Re: Should I implement parallel MKL along with OpenMP?

BiswasB · ‎09-15-2022

Hello everyone,

I am trying to incorporate MKL in an industrial HPC solver, and I am not sure for which scenarios is MKL faster. It makes sense that MKL will be faster for heavy duty applications such as sparse or BLAS 3 level routines.

But what about when I have to apply level 1 or 2 routines? I read this thread, and it shows that MKL does not always parallelize vector addition/subtraction depending upon the size of the entity. But then if I try to use OMP pragmas to parallelize these small routines, in the same code which is using MKL for higher routines- it won't give optimum performance as was apparent from the comments (by @jimdempseyatthecove & @TimP ) on the same thread (due to thread SpinWaiting). So how am I supposed to use parallelized MKL in this situation? Is there a way to force it? (My problem size is huge, but still I want to ensure it). Also, how do I know if the version of the functions I'm using is threaded or not (in mkl.h)?

Dev

tl;dr: want optimum performance for the lower routines with 1D vectors while using MKL for higher routines

jimdempseyatthecove · ‎09-15-2022

>> But then if I try to use OMP pragmas to parallelize these small routines, in the same code which is using MKL for higher routines- it won't give optimum performance as was apparent from the comments (by @jimdempseyatthecove & @TimP ) on the same thread (due to thread SpinWaiting). So how am I supposed to use parallelized MKL in this situation? Is there a way to force it?

You can set the environment variable KMP_BLOCKTIME=0 (or to some small value with experimentation). Default is 200 or 300(ms).

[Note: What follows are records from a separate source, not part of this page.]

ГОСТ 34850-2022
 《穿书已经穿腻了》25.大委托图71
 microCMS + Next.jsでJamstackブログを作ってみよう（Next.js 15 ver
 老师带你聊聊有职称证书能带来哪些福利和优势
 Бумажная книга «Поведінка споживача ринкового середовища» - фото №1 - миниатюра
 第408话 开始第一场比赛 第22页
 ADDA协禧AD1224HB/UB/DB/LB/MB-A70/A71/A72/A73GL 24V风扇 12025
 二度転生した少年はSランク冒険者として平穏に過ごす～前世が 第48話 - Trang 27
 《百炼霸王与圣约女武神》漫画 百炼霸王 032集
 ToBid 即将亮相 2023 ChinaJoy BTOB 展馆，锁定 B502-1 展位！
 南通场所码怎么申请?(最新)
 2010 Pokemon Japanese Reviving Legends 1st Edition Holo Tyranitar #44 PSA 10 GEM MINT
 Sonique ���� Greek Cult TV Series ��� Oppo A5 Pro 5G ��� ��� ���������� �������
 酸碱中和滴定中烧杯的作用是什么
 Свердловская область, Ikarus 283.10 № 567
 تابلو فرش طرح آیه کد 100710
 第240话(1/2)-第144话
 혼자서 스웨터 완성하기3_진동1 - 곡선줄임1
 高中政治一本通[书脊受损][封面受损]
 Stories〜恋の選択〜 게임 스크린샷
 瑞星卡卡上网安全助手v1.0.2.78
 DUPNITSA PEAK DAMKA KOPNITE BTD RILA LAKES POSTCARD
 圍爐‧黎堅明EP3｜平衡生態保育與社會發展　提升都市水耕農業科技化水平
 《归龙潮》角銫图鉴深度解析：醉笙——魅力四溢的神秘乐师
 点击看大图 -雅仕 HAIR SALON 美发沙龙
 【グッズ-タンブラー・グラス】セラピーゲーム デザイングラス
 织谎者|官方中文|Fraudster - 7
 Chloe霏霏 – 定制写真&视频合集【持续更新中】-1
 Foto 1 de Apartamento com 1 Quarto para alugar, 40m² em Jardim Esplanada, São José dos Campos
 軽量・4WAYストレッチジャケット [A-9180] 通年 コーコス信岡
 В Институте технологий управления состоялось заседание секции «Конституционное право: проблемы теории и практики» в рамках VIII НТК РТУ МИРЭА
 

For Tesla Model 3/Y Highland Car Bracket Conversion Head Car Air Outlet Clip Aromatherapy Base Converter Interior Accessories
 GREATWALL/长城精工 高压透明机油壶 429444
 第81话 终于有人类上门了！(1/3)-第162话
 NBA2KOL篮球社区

Alternatively, you can split the hardware threads amongst OpenMP and MKL via MKL_NUM_THREADS and OMP_NUM_THREADS

Alternative 2:

Multi-thread the application using OpenMP and link with the MKL Sequential Library. This will require you to partition your data via OpenMP (or by hand) and then from each OpenMP thread call the MKL procedure of interest. This will give you the best control over threading at the cost of some additional work.

Note, if you were to use the MKL threaded library from within an OMP parallel region, each (outer) omp thread would instantiated an MKL/OpenMP thread team (aka nested OpenMP level and this). Where you do not program OpenMP nested levels directly using OpenMP directives/pragmas, but rather you generally partition the data at an outer level using OpenMP in the application, then sub-partition via MKL. Using nested levels could potentially be the way to go, but this would depend on the overall needs of the application.

I suggest you experiment with each method.

Jim Dempsey

BiswasB · ‎09-16-2022

Thank you for the concise reply.

I will try out Alternative 1, since Alternative 2 sounds a bit improbable, given the scale and size of the solver as of now.

But coming back to the other question: how do I ensure that 1D MKL functions will be threaded? What is the smallest size of vector needed? And although my vector size is huge, is there still a way to force parallelization in MKL functions? I just want the optimum performance, and refrain from using OpenMP at all with MKL if possible.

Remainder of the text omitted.